Und ich muss sagen, das klappt ganz gut! Dass ich eine Fremdsprache (Bosnisch) auf einer Fremdsprache (Englisch) lerne fällt mir währenddessen nicht auf. Es ist genauso wie auf Deutsch, nur ganz selten fehlt mir mal ein Wort.




Jetzt kann ich bereits....

...alle möglichen Grußformeln, inklusive Smalltalk (Wie geht es dir usw.), kann Einkaufen gehen, alles Mögliche von Zucchini bis Maulbeere bestellen, bis 999.999 zählen, Verben konjugieren, mich über die Uhrzeit unterhalten, Wochentage, Tageszeiten, Farben Kleidungsstücke usw...

...es steht jeden falls in meinem Vokabelheft, welches auf Seite 61 angekommen ist. Der Rest steht auf den 30 Blättern. Nein, wirklich, in der Stadt verstehe ich schon ab und zu ein paar Sachen und kann vieles bestellen. Ich bemühe mich mir vieles zu merken, aber alles auf ein Mal ist zu viel. Der Sprachkurs soll uns eher eine Grundlage schaffen und diesen Zweck erfüllt er. Auf jeden Fall bekomme ich langsam ein Gefühl für die Sprache. Die ist auch gar nicht so schwierig. Es ist nur bewundernswert, wie viele Konsonanten man aneinander reihen kann, sodass es dennoch ein Wort ergibt, wie zB. das Wort četrvtak (Donnerstag). Manche Wörter kommen sogar ganz ohne Vokal aus, wie Prst (Finger / Zeh).

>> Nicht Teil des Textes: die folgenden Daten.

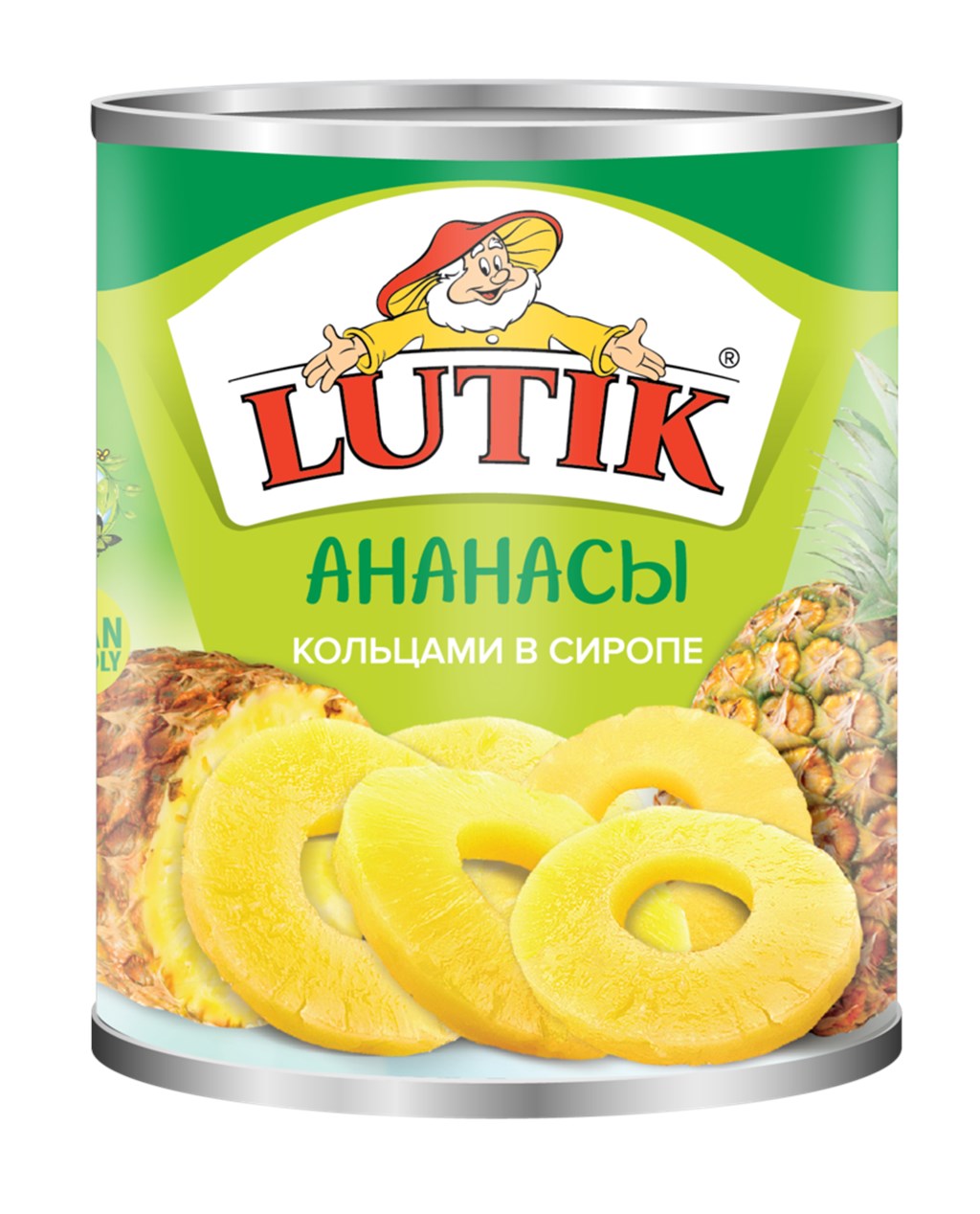 

Ананас Lutik в сиропе ломтики 560 г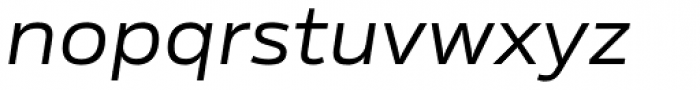 Rleud Extended Italic Font LOWERCASE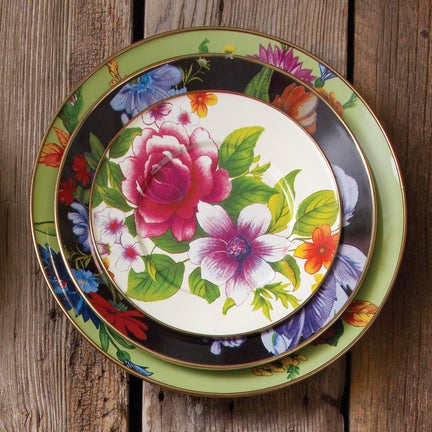 White Flower Market Salad/Dessert Plate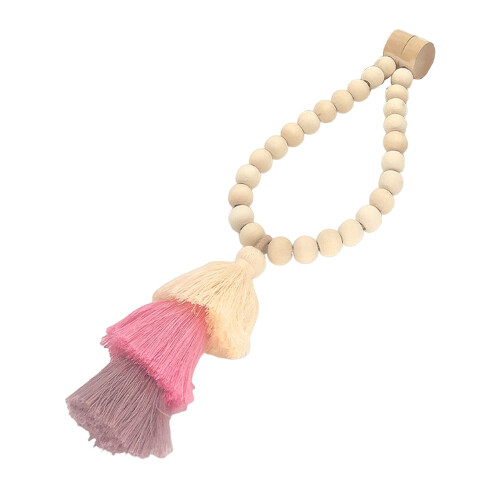 Wooden Bead Curtain Tie with Magnet Closure 1 Pair 1
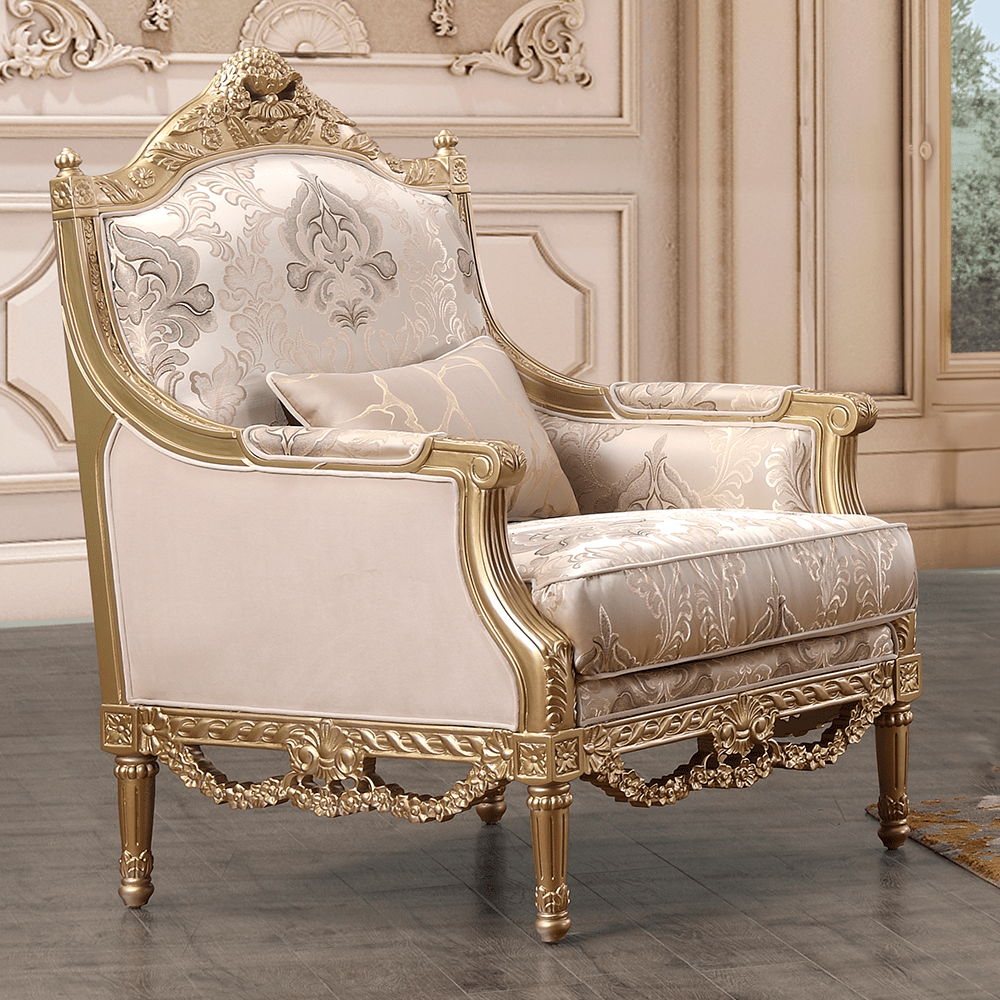 HD-56 - Chair - Beige / Gold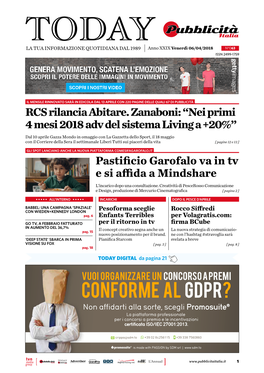 Conforme Al GDPR? Non Afﬁdarti Alla Sorte, Scegli Promosuite® La Piattaforma Professionale Per I Concorsi a Premio E Le Incentivazioni Certiﬁcata ISO/IEC 27001:2013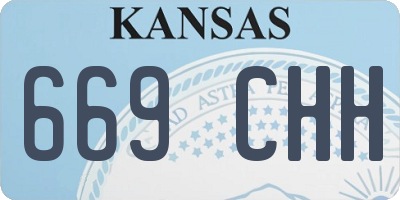 KS license plate 669CHH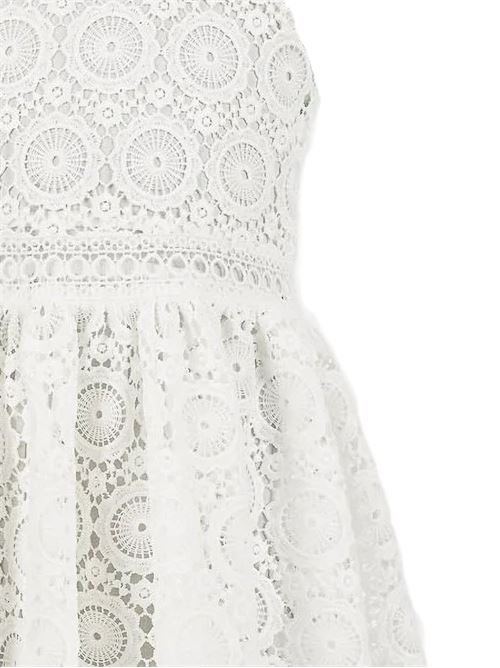 Abito bambina Twinset bianco con dettagli romantici TWINSET Kids | 261GJ2Q2300526
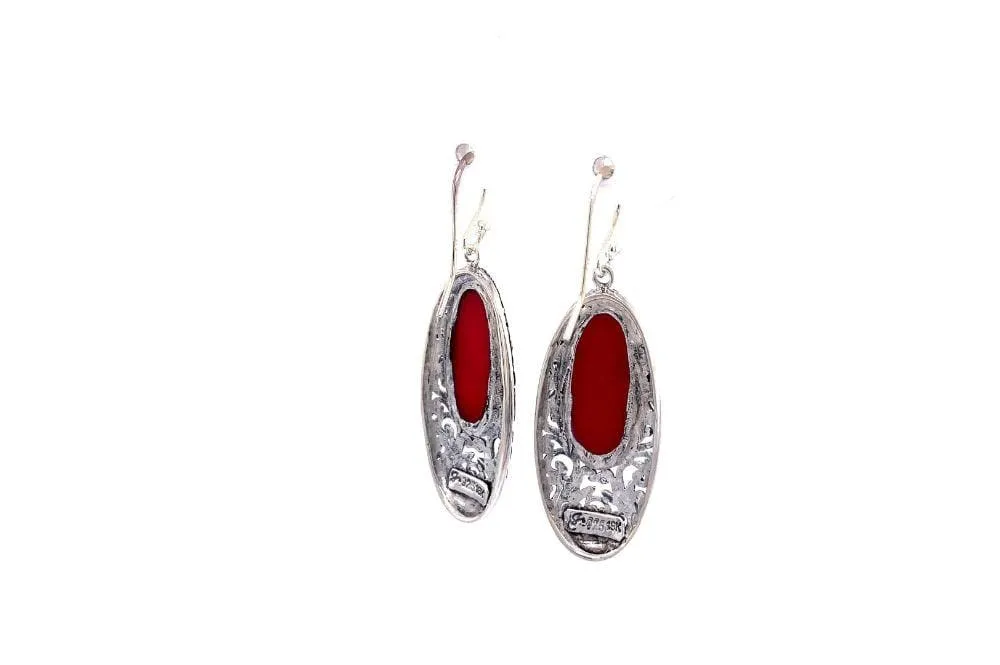Bliss Earrings- Coral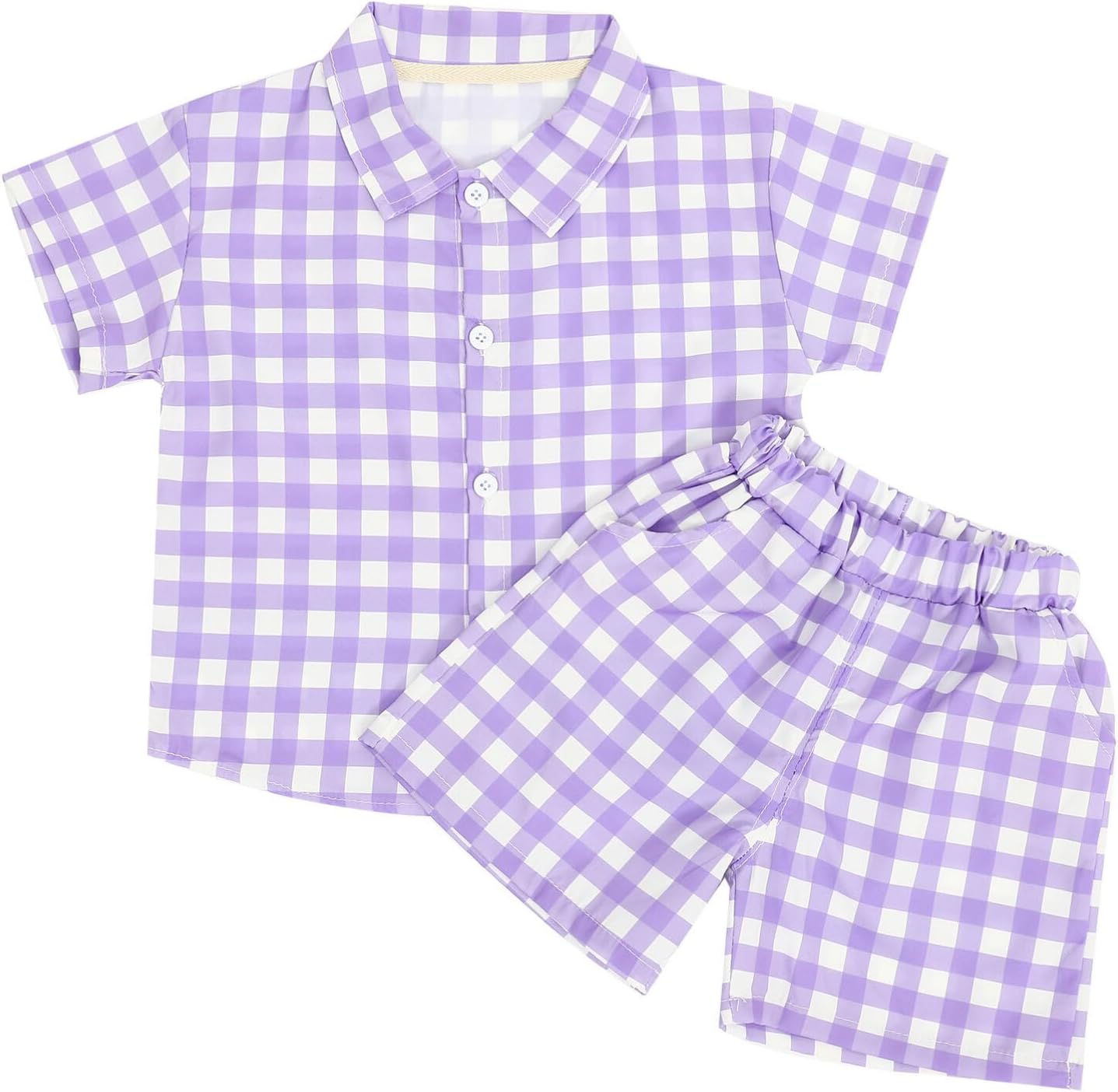 LIFKOME Summer Baby Outfit 3-Piece Set for Boys Girls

Ganz spannend sind auch all die verschiendenen Buchstaben:
- č (wie "tsch")
- ć (wie č, also wie tsch, nur anders)
- dž (wie dsch)
- đ (ausgesprochen wie dž , also wie dsch nur anders)
- š (wie sch) und
- ž (wie š, also wie sch, nur weicher)

Noch amüsanter sind die eingedeutschten Wörter wie
- veš mašina (Waschmaschine),
- ofinger (Aufhänger, also Kleiderbügel) oder
- rajsferšlus  (Reißverschluss)

Falls uns dennoch langweilig wird kommen dann Phillips Fragen nach Wörtern wie Russenmütze.
Also sollte es gar nicht so langweilig werden. Dennoch sind wir jeden Tag unglaublich müde. Unsere viel zu nette Lehrerin fragt uns dann jeden Tag:
"Je ste li vi umorni danas?" (Seid ihr heute müde?)
"Jesmo" (Ja, sind wir.)
"Pauza?" (Pause?)
"Da." (Ja.)

Daher gibt es viele viele Pausen, in denen wir uns dann immer noch mal schnell ins Bett legen.
Ab um 1 ist der Unterricht vorbei. Dann heißt es immer: "So Leute, heute lernen wir erstmal Vokabeln bevor wir in die Stadt gehen". Anschließend werden die Vokabelhefte herausgeholt, aufgeschlagen, zugeschlagen und es wird gesagt "Eigentlich reicht es, wenn wir uns morgen früh alles durchlesen" Morgens stehen wir dann so auf, dass wir es gerade schaffen uns anzuziehen und zum Sprachkurs zu gehen. Dann fängt alles wieder von vorne an.

11 August 2012

Zugfahrt

- Schlafabteil mit Lina und Philipp -
Auch die Zugfahrt wurde ziemlich spannend. Zum Glück war ich nicht alleine, sondern hatte Lina und Philipp, der bezüglich unseres schweren Gepäcks unseren starken Held spielen durfte, bei mir.
Von München nach Zagreb sollte es einen Schlafzug geben. Nachdem wir den Wagen am Bahnhofsteil E, sprich einige hundert Meter weiter hinten, gefunden hatten, mussten wir dann feststellen, dass in ein normales IC- Abteil 6 Betten gequetscht waren. Nach einigem Puzzlen hatten wir unser Gepäck mehr oder weniger untergebracht und konnten ein wenig schlafen.
Morgens gab es schließlich die erste Passkontrolle and der kroatischen Grenze und mit ihr auch den ersten Schock. Wo war Philipps Reisepass? Waswürde passiert, sollte er ihn vergessen haben? Natürlich war er dann - wie kann es anders sein - doch im Rucksack. Zur Beruhigung konnte wir anschließend durch eine wunderschöne Landschaft in den Sonnenaufgang hineinfahren. 
- Sonnenaufgang -
Dann kam die nächste spannende Frage: Ist es möglich innerhalb von 14 Minuten in der kroatischen Hauptstadt Zagreb Tickets nach Sarajevo zu kaufen und mit viel Gepäck umzusteigen? Natürlich nicht. Also hatten wir das Vergnügen über ein Dorf zu fahren. Dort saßen wir  dann erst einmal  mit unseren Sonnenbrillen einige Zeit wie in einem Westernfilm in der Pampa, umgeben von Feldern, sängender Hitze auf den Schienen und einem großen Nichts. Wie versprochen begrüßte uns der Balkan mit 42°C, sodass wir uns mit Wasserflaschen abduschen mussten. Endlich kam nach 2 Stunden der langersehnte Zug, auf den wir uns so gefreut hatten: Er wird klimatisiert sein und der Fahrtwind wird uns um die Ohren blasen.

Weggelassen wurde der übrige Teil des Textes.